Entries shown START
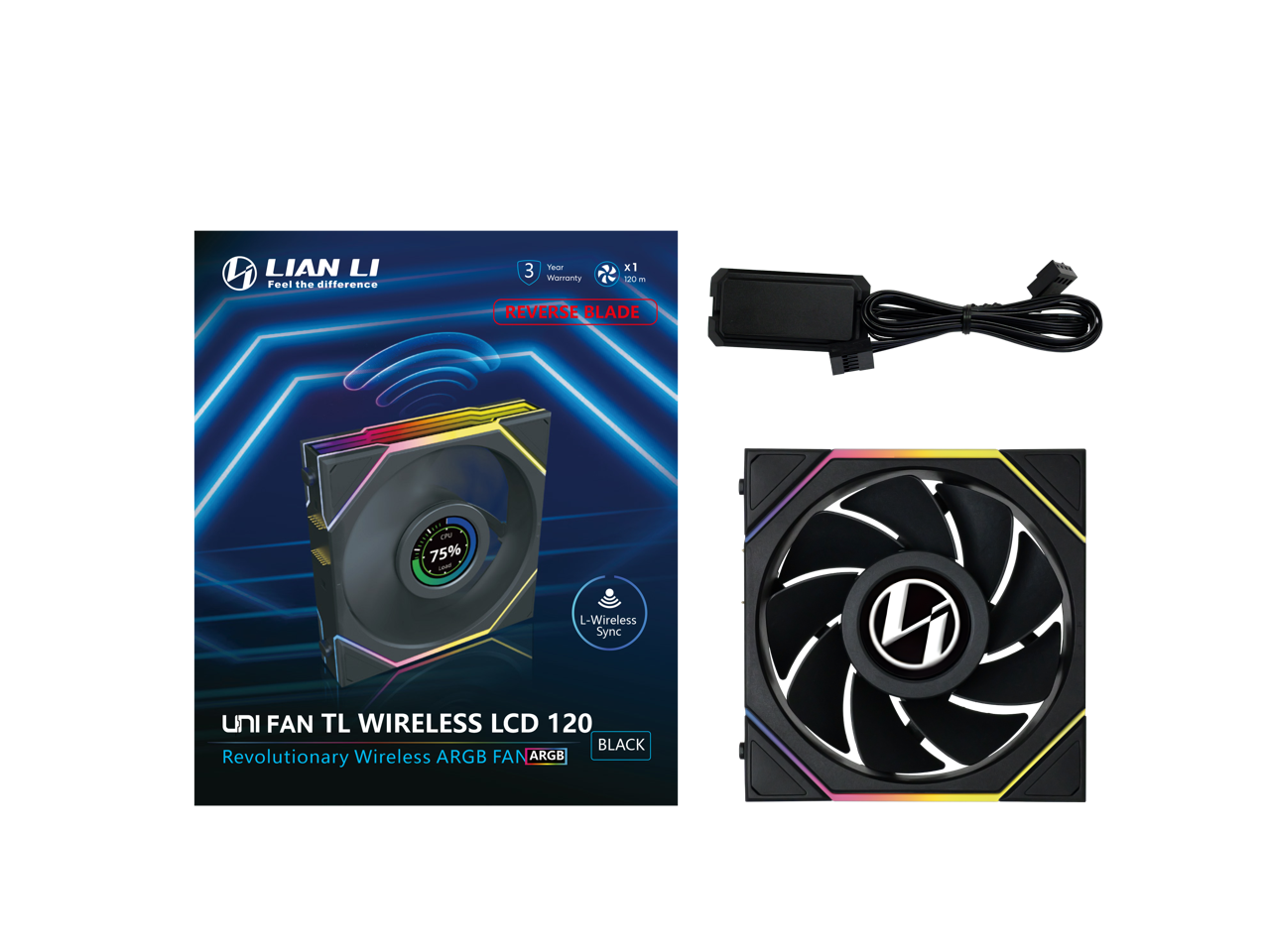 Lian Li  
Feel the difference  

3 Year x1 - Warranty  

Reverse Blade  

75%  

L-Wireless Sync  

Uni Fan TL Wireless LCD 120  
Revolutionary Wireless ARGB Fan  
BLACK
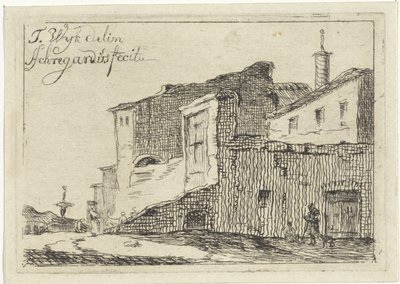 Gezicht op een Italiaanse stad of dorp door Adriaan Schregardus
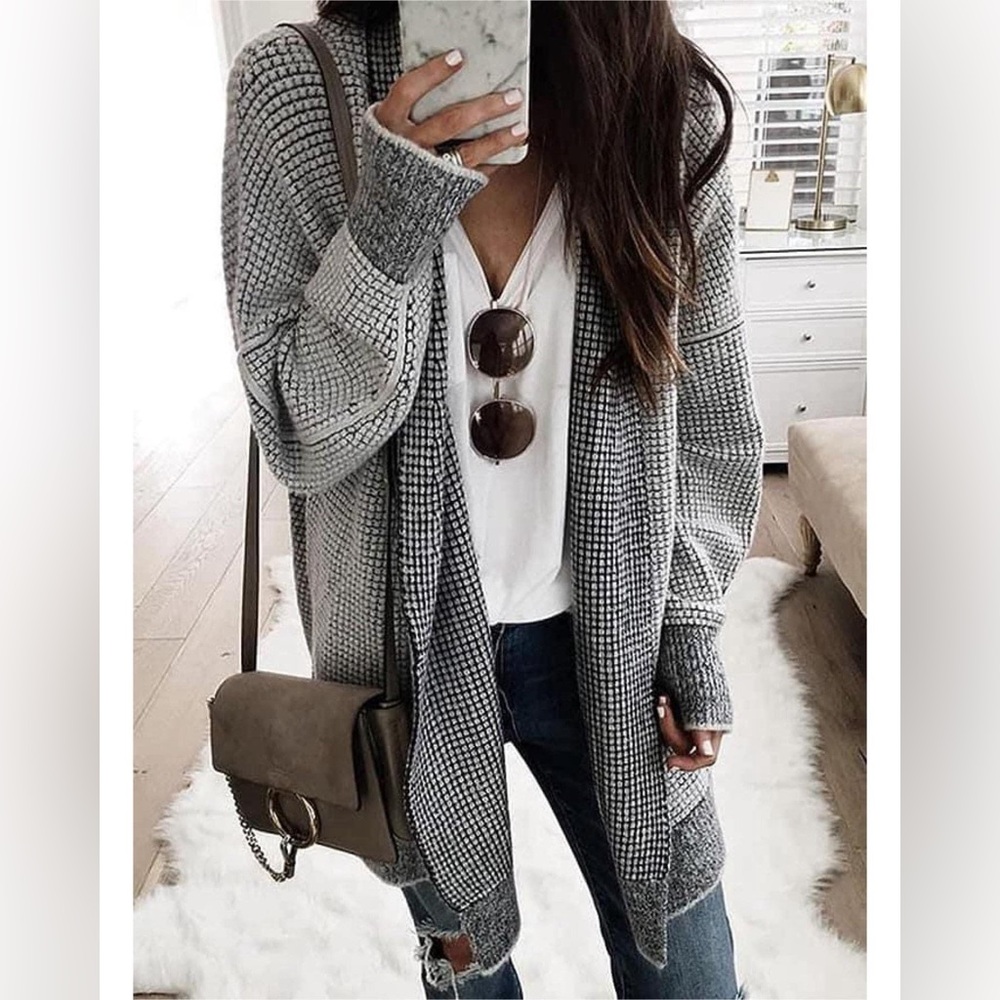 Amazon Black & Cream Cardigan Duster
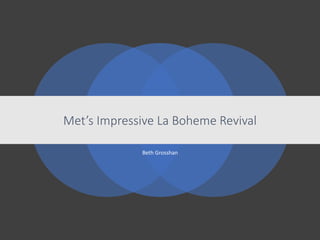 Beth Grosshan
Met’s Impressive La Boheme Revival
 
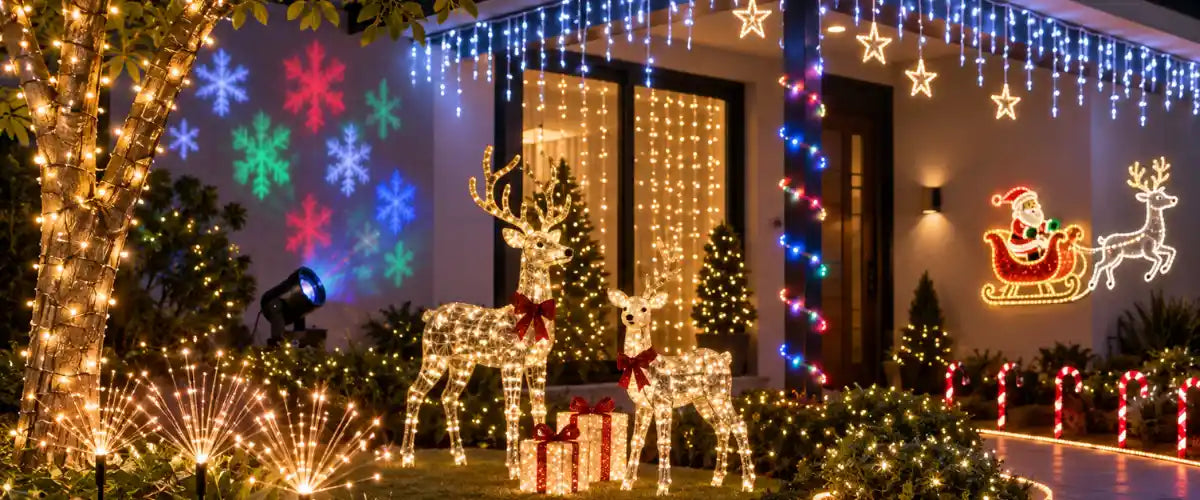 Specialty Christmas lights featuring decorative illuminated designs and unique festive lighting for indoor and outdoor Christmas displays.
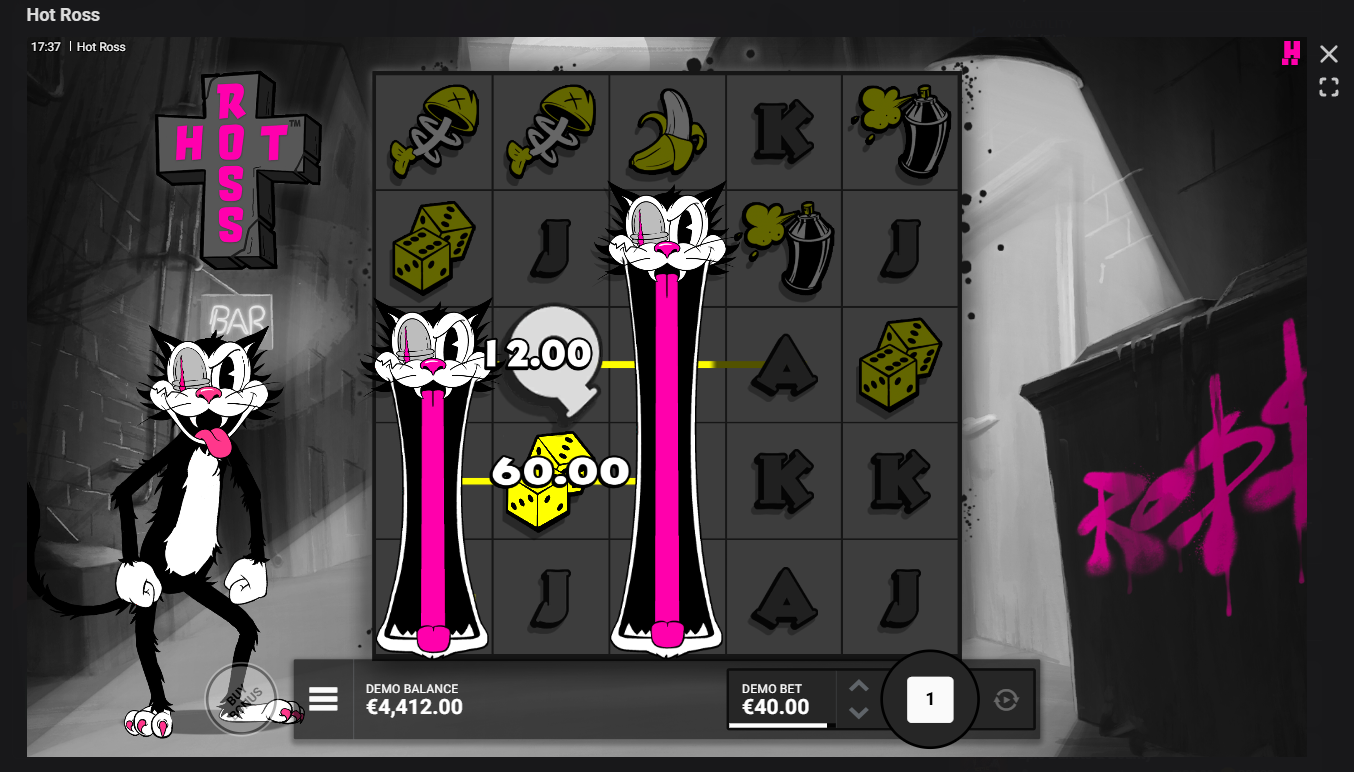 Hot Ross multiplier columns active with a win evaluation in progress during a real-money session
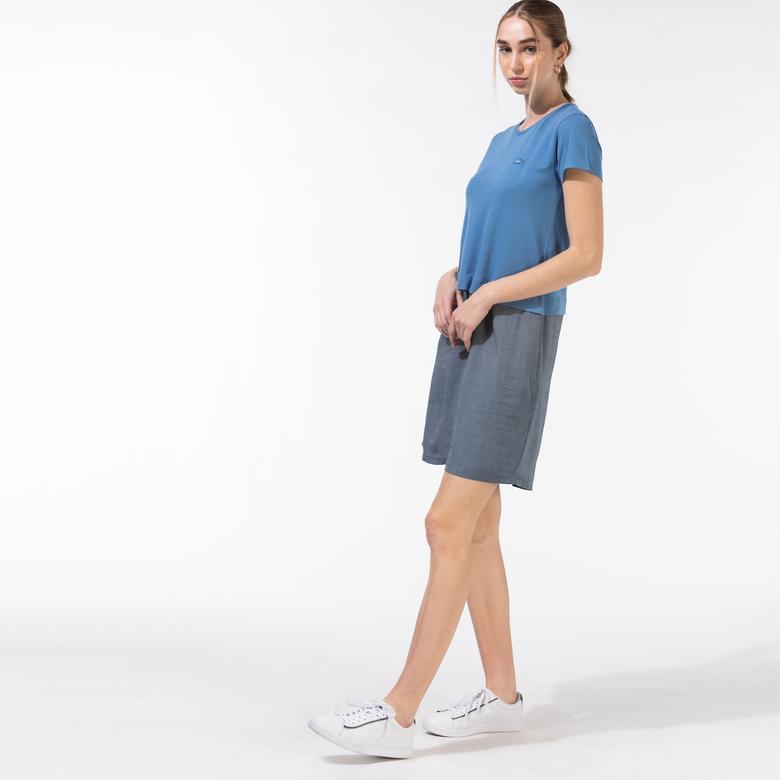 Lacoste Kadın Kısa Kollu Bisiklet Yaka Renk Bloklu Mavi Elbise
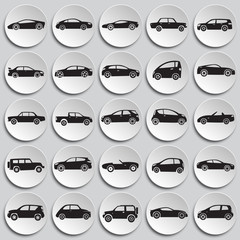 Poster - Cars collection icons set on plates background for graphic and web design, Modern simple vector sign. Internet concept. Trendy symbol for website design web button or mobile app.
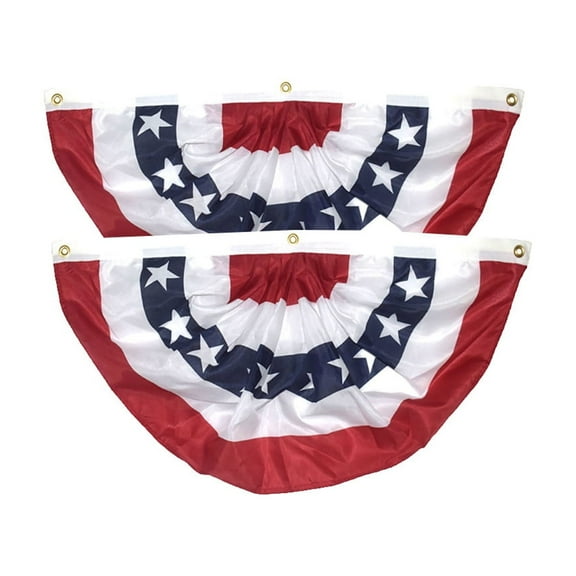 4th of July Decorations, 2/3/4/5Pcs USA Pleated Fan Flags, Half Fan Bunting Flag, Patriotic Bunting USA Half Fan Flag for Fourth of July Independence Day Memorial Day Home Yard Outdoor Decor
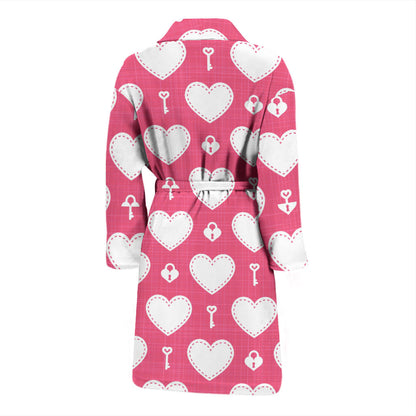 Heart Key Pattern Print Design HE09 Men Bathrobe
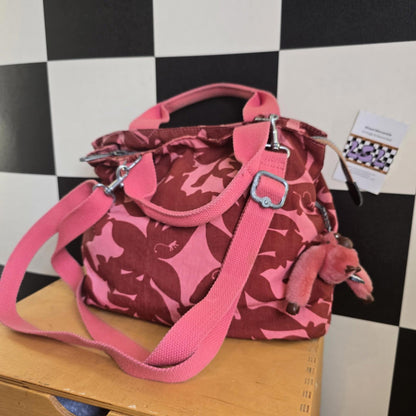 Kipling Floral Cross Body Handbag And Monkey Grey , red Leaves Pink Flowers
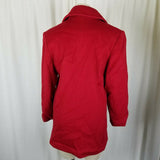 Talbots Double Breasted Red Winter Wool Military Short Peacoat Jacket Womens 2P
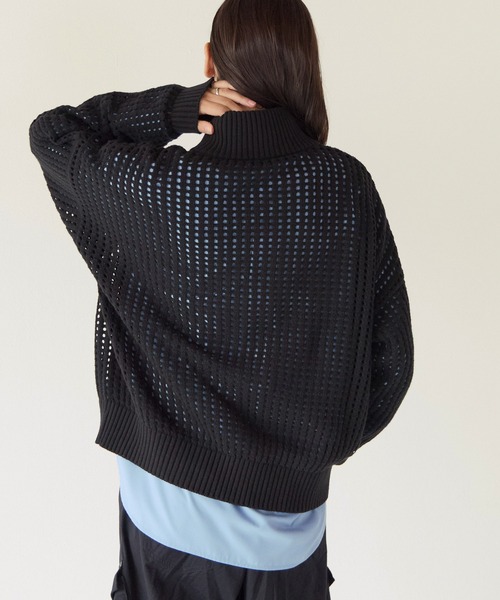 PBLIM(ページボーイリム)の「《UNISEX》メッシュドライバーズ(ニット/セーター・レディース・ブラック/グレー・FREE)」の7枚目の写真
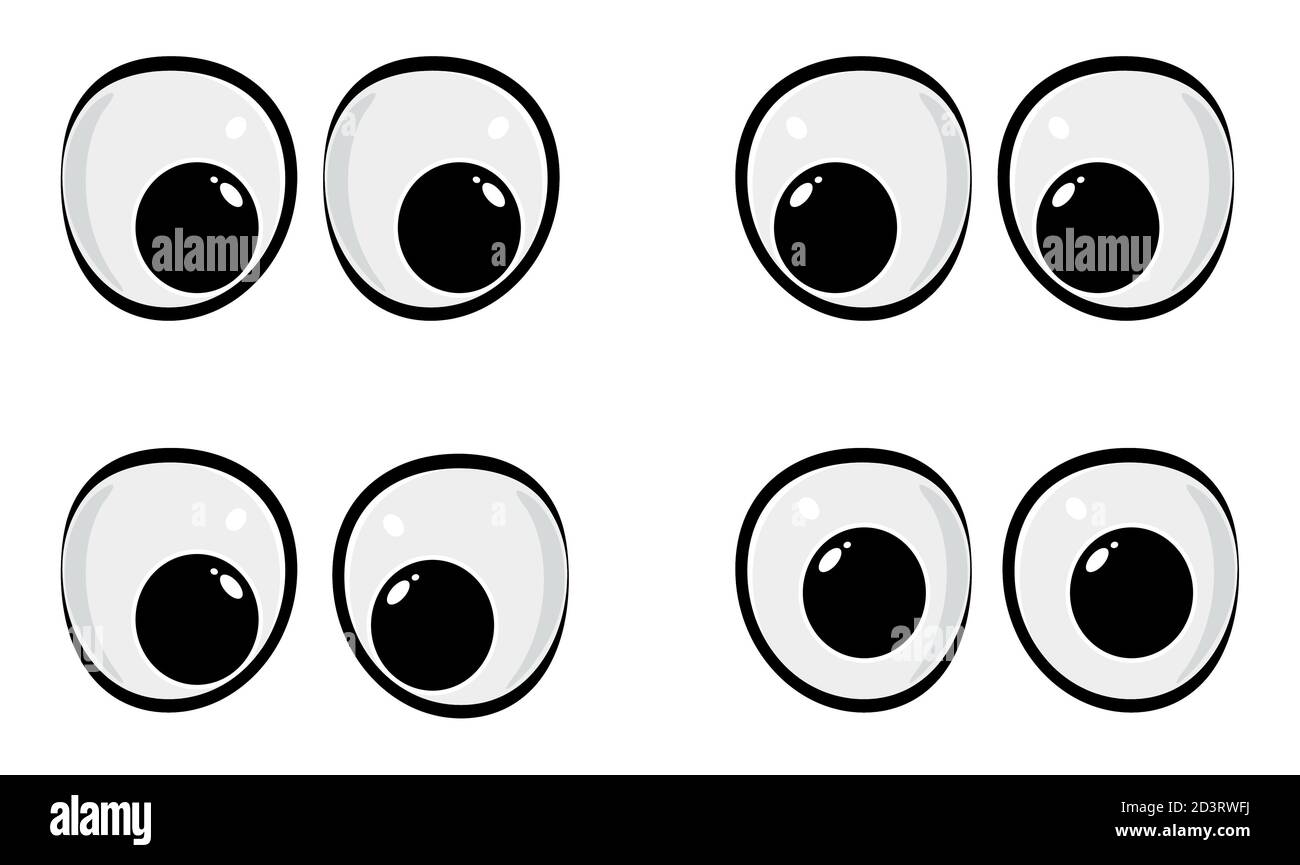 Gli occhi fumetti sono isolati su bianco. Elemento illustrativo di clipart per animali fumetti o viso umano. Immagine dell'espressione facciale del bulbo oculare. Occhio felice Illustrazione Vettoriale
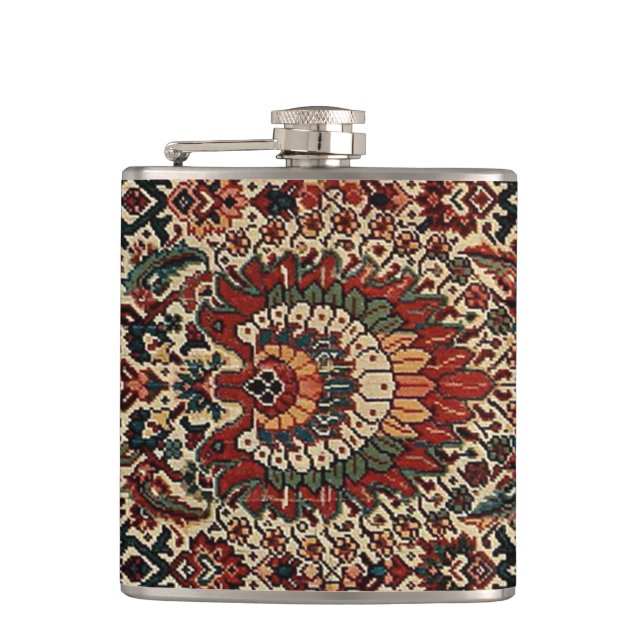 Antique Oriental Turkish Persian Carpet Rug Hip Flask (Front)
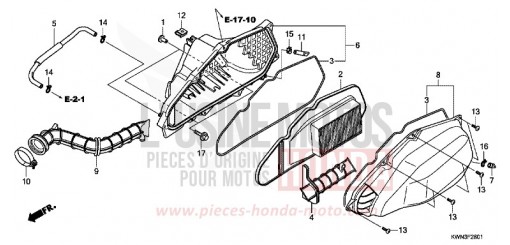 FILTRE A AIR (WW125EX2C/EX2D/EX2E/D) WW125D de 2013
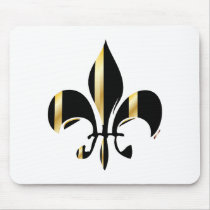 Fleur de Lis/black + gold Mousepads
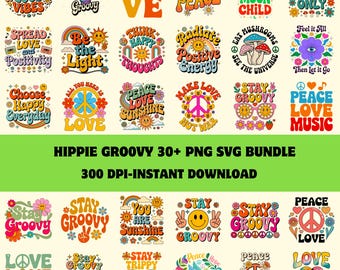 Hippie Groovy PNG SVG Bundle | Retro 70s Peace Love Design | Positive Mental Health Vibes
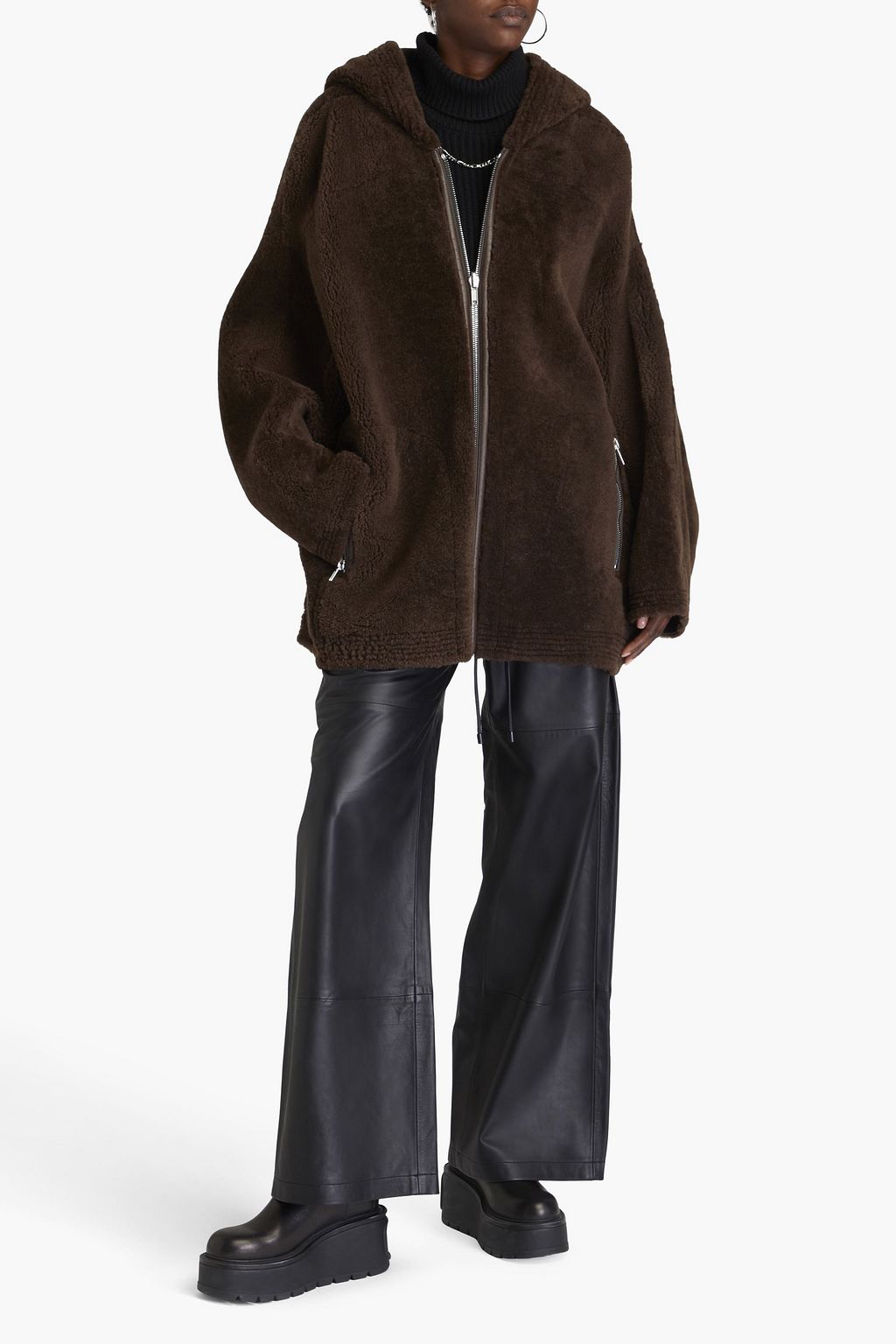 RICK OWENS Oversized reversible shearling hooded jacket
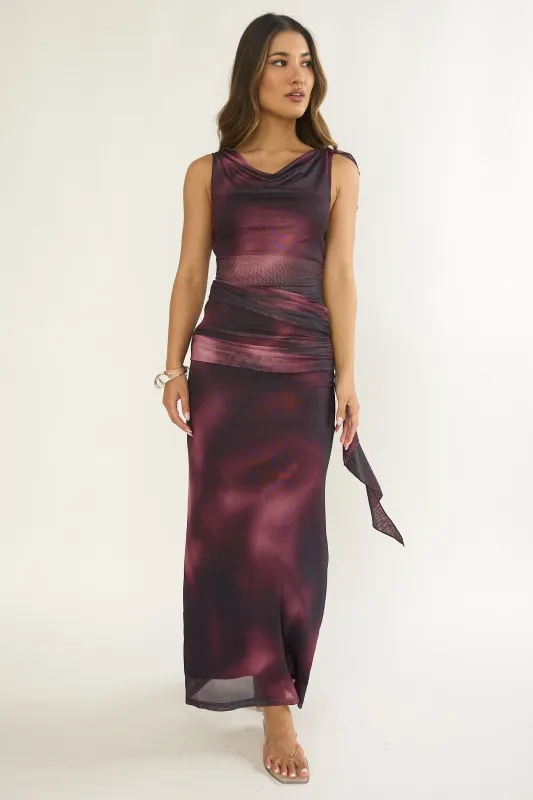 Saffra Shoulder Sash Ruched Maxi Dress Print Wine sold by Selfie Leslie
Entries shown END
- What the exercise asks
Wherever the string "Wireless" appears in a line above, copy that line.

- Task answer
L-Wireless Sync  
Uni Fan TL Wireless LCD 120  
Revolutionary Wireless ARGB Fan  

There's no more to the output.